Doctor Who: The Crimson Horror



Starring: Diana Rigg, Rachel Stirling


Written by: Mark Gatiss

Directed by: Saul Metzstein

In a town near the mysterious Sweetville, people are falling victim to a deadly plague known as the Crimson Horror. Intrigued, Madame Vastra, Jenny Flint, and their butler, Strax, travel to Yorkshire to investigate. But where is the Doctor?

After Mark Gatiss’ ‘Cold War’, expectations were high for this Victorian tale, particularly after the disappointing ‘Journey to the Centre of the TARDIS’. Quite apart from living up to his superlative earlier episode, he also had to deliver a script worthy of Diana Rigg and her equally talented if less well-known daughter, Rachel Stirling, and do justice to the warmly regarded trio of Vastra, Jenny and Strax.

It is a curious success, but a success nonetheless. For much of the episode, you could be forgiven for seeing it as a backdoor attempt at a spinoff pilot; the Doctor and Clara are absent for much of the episode, with his old friends driving the plot forward at first. As always, and for the first time out of Moffat’s hands, they are a joy to behold, especially the borderline psychotic Sontaran butler, Strax – much as I like Clara, I would love to see Strax as a permanent companion, although I suspect the joke would wear thin after too much exposure. If such a spinoff were to materialise, I for one would be a regular viewer.

Elsewhere, Rigg and Stirling deliver a couple of excellent performances, although Stirling is the only person in the episode doing anything even remotely subtle. Granted, when you’re surrounded by the Doctor, a lizard-woman from the dawn of time (who, lest we forget, ate Jack the Ripper), a gay Victorian ninja maid, and the aforementioned Strax, and your mother, sporting a Yorkshire accent and a pre-historic slug, it’s easy to appear subtle. As this may suggest, Rigg, while excellent, is firmly in the John Simm school of Who villainy here, chewing the scenery for all it’s worth and having an absolute ball.

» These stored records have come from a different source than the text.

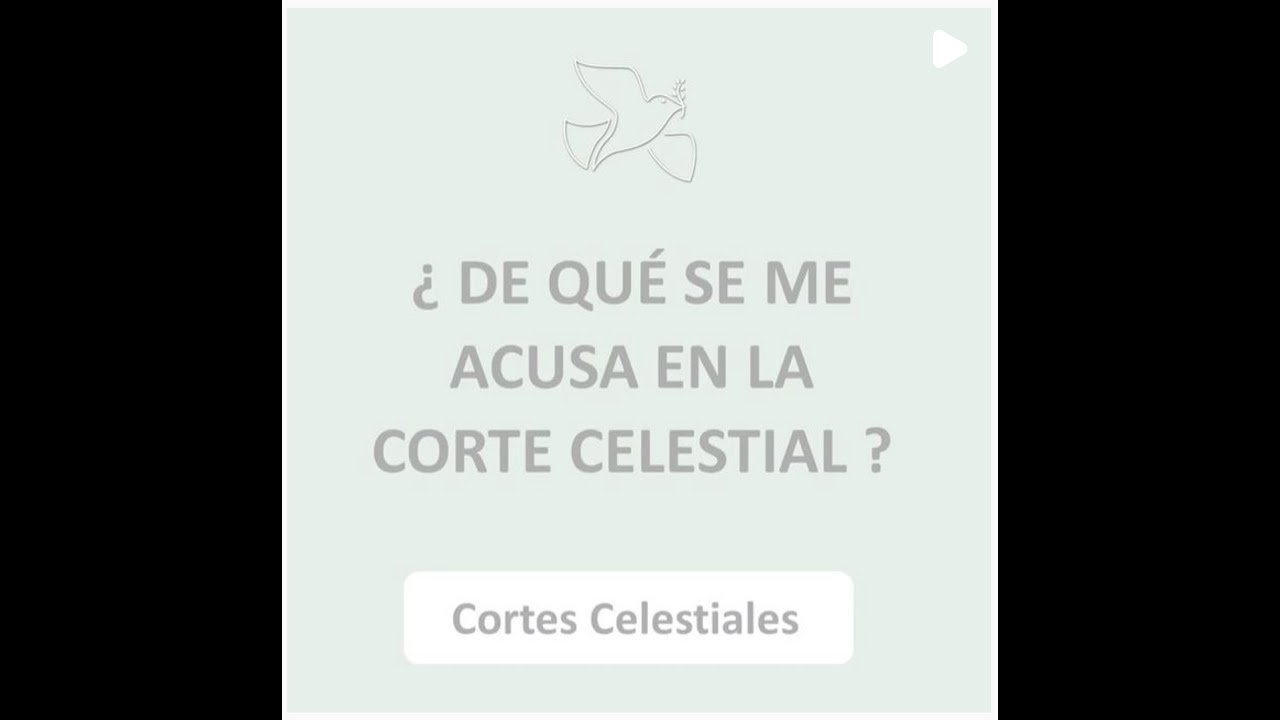 6  De que se me acusa en la corte celestial?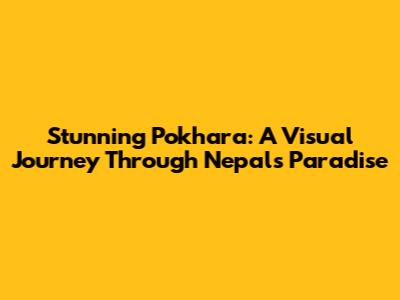 Stunning Pokhara: A Visual Journey Through Nepal's Paradise
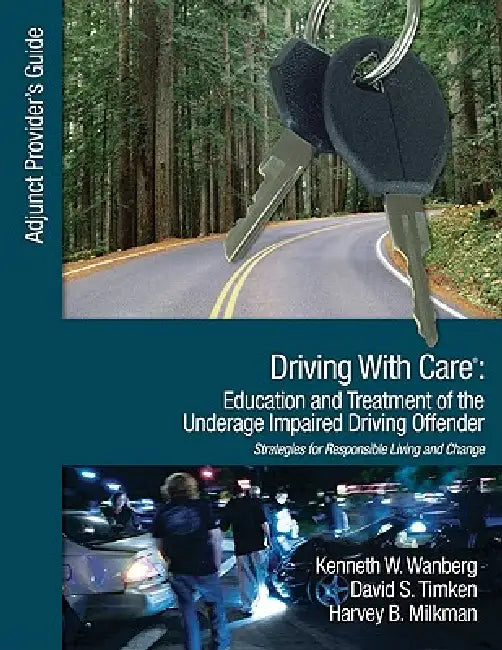 Driving With Care: Education and Treatment of the Underage Impaired Driving Offender: An Adjunct Provider's Guide to Driving With Care: Education and by Kenneth W. Wanberg, David S. Timken, Harvey B. Milkman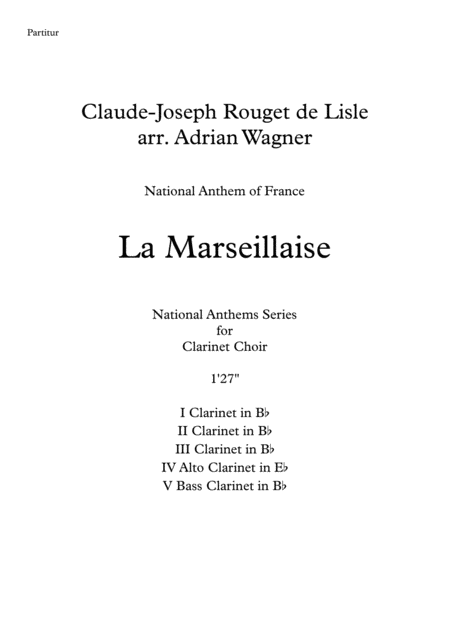 Free Sheet Music La Marseillaise National Anthem Of France Clarinet Choir Arr Adrian Wagner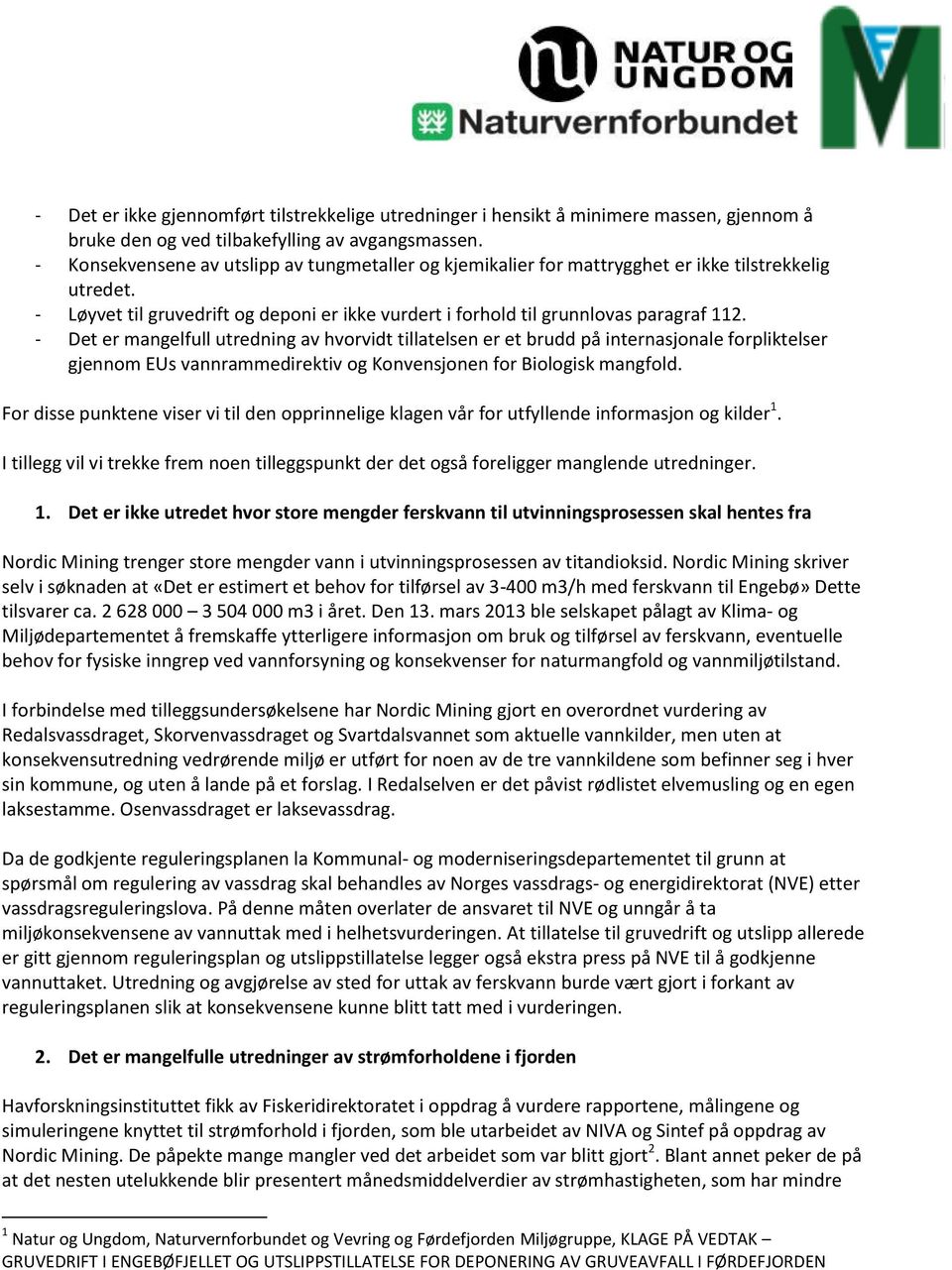 - Det er mangelfull utredning av hvorvidt tillatelsen er et brudd på internasjonale forpliktelser gjennom EUs vannrammedirektiv og Konvensjonen for Biologisk mangfold.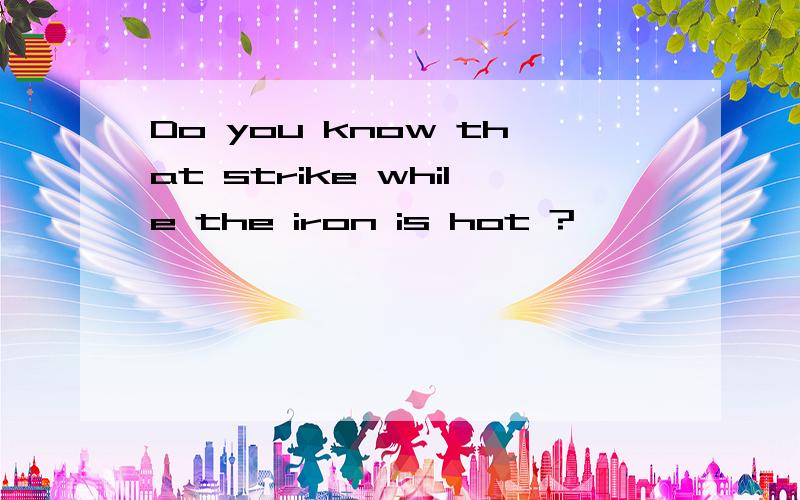 Do you know that strike while the iron is hot ?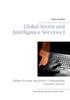 Книга Global Secret and Intelligence Services I : Hidden Systems That Deliver Unforgettable Customer Service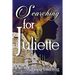 Searching for Juliette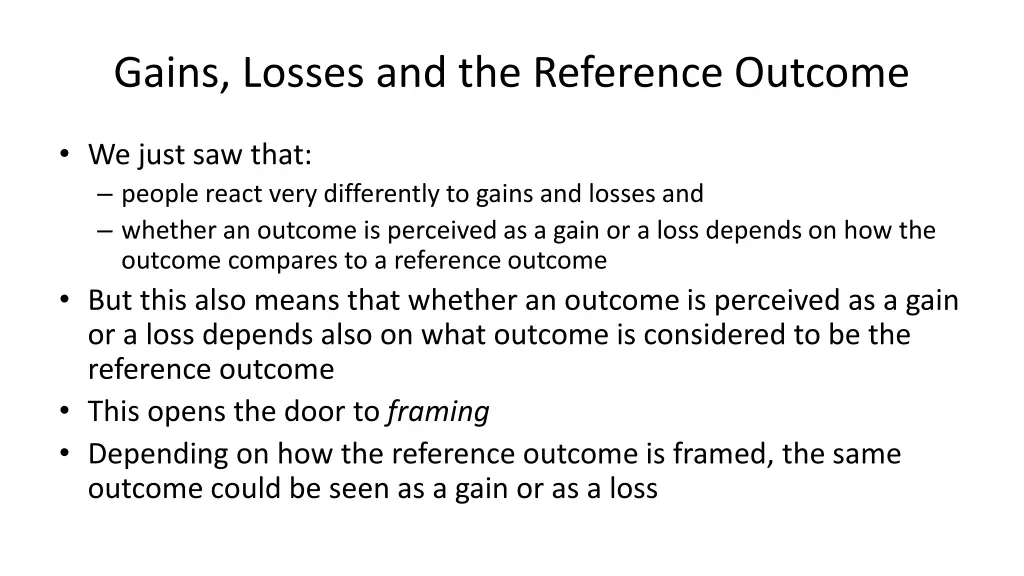 gains losses and the reference outcome 1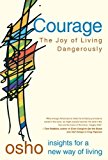 Courage: The Joy of Living Dangerously by Osho (1999-10-27)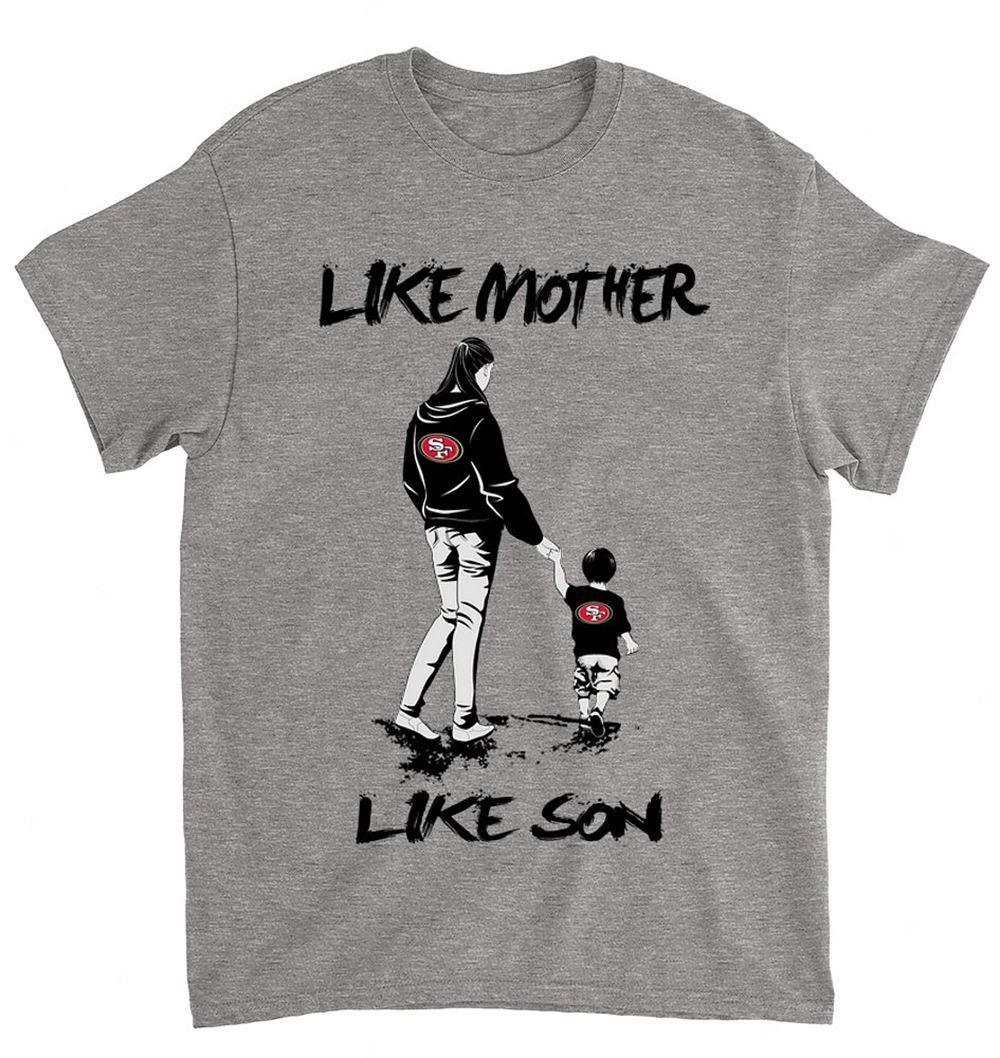 Nfl San Francisco 49ers 058 Like Mother Like Son Shirt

In fact, quite apart from the pilot-esque elements of the episode, it is the closest the show has come to outright parody since Moffat’s ‘Curse of the Fatal Death’. It’s a fine line to tread, but Gatiss pulls it off. The plot itself is fairly thin, and rather ridiculous, but the nod and wink approach, and a scattering of truly disturbing details really sell it as a slice of high-camp Gothic adventure. Yes, it’s over the top, but that’s perfectly in keeping with the genre.

This is not to say that the episode is perfect. There’s at least one section that has absolutely no business being in a finished draft – Thomas Thomas, step forward – and for all that it’s deliberately OTT, the high-camp approach does steal most of the tension and fear factor. Furthermore, while the more disturbing moments do lend more heft to the episode, it’s undeniable that some of them need more context to be truly effective. Diana Rigg ripping open her dress to display a temporally displaced, poisonous slug? Extremely unsettling. Diana Rigg opening a door to show off the people she’s placed inside bell jars? Creepy, yes, but more likely to have you thinking about the logic and mechanics of it than anything else.

Nonetheless, there is plenty to enjoy here, and it sits comfortably in amongst the ranks of best episodes of the series.